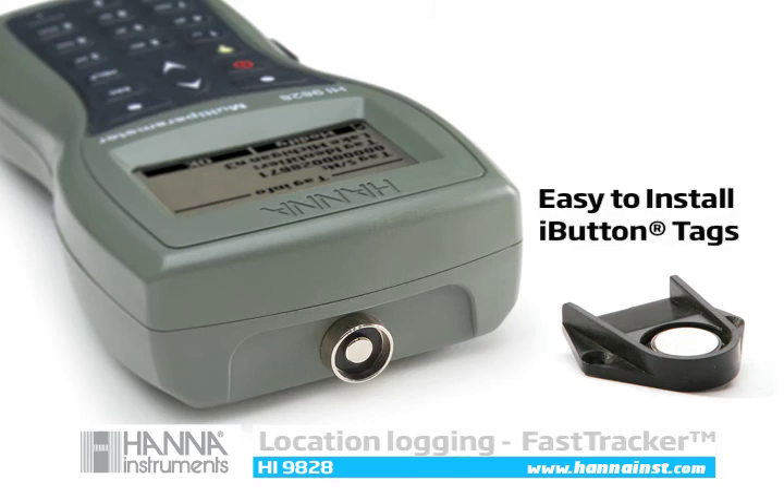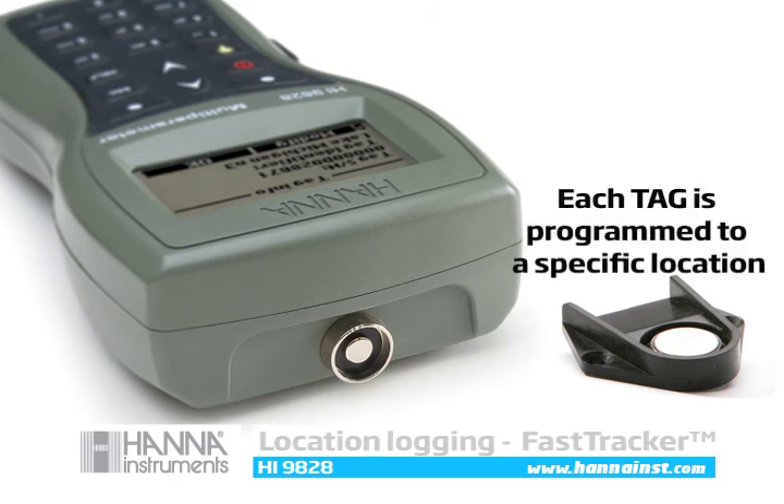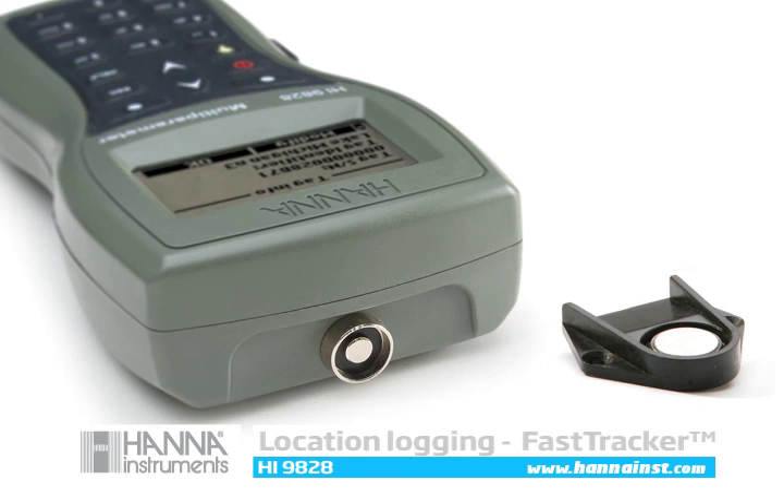Fast tracker tag ID uses stainless steel eye buttons with unique codes that install right near sampling sites. Measurement, location, time and date are recorded when the HI9828's tag connector connects with the I button. The fast tracker is a perfect complement to the HI9828's GPS.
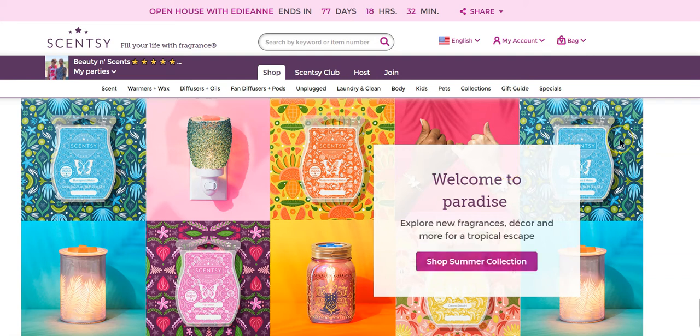Hi everyone, thanks for coming back to the B&S channel. My name is Edie and it is club time — Sensi club time, that is. I want to show you how to set up your club so that you can get all of the goodies at a discount, as well as special benefits and bonuses for having a club, because sometimes you can get things that other people just can't.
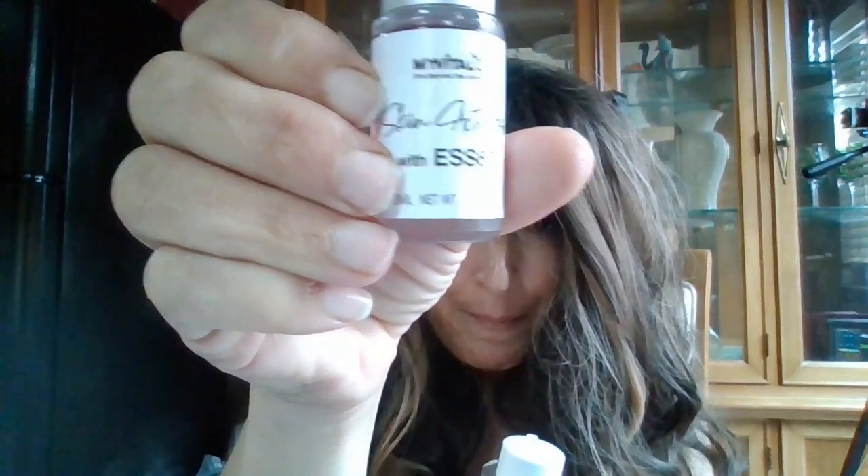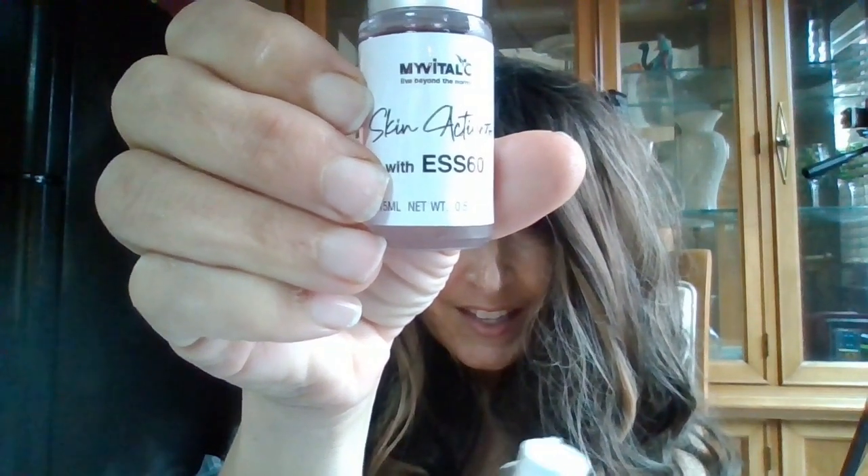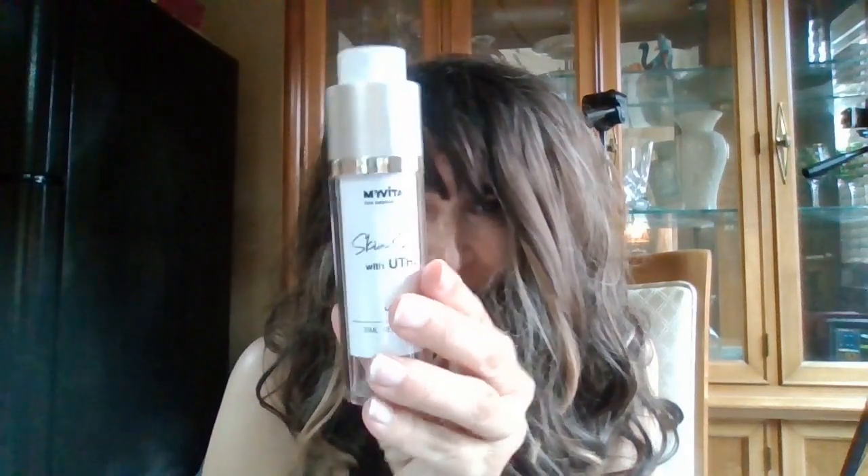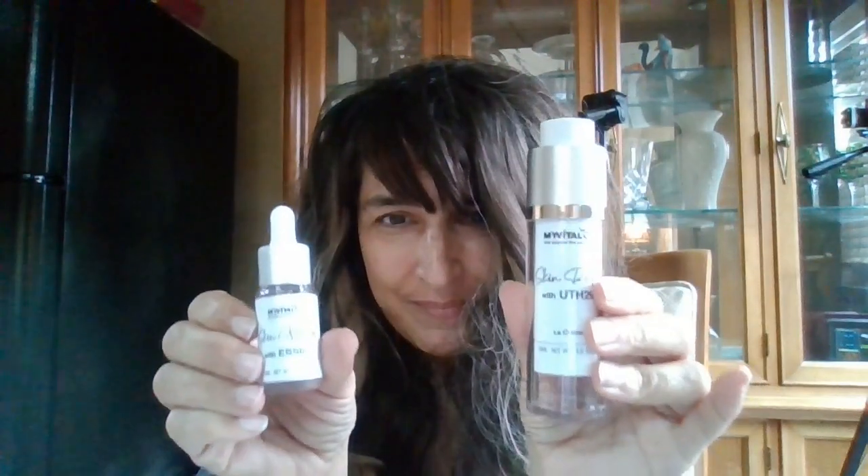I just started a new routine I thought I'd share it with you. It's by My Vital C. This is the activator. This is the cream — Skin Reduo. So it's two parts.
============================================================
_WHAT YOU ARE ASKED TO DO_
Quote the listing above in full, except for the pictures.

_YOUR SOLUTION_
Fast tracker tag ID uses stainless steel eye buttons with unique codes that install right near sampling sites. Measurement, location, time and date are recorded when the HI9828's tag connector connects with the I button. The fast tracker is a perfect complement to the HI9828's GPS.
Hi everyone, thanks for coming back to the B&S channel. My name is Edie and it is club time — Sensi club time, that is. I want to show you how to set up your club so that you can get all of the goodies at a discount, as well as special benefits and bonuses for having a club, because sometimes you can get things that other people just can't.
I just started a new routine I thought I'd share it with you. It's by My Vital C. This is the activator. This is the cream — Skin Reduo. So it's two parts.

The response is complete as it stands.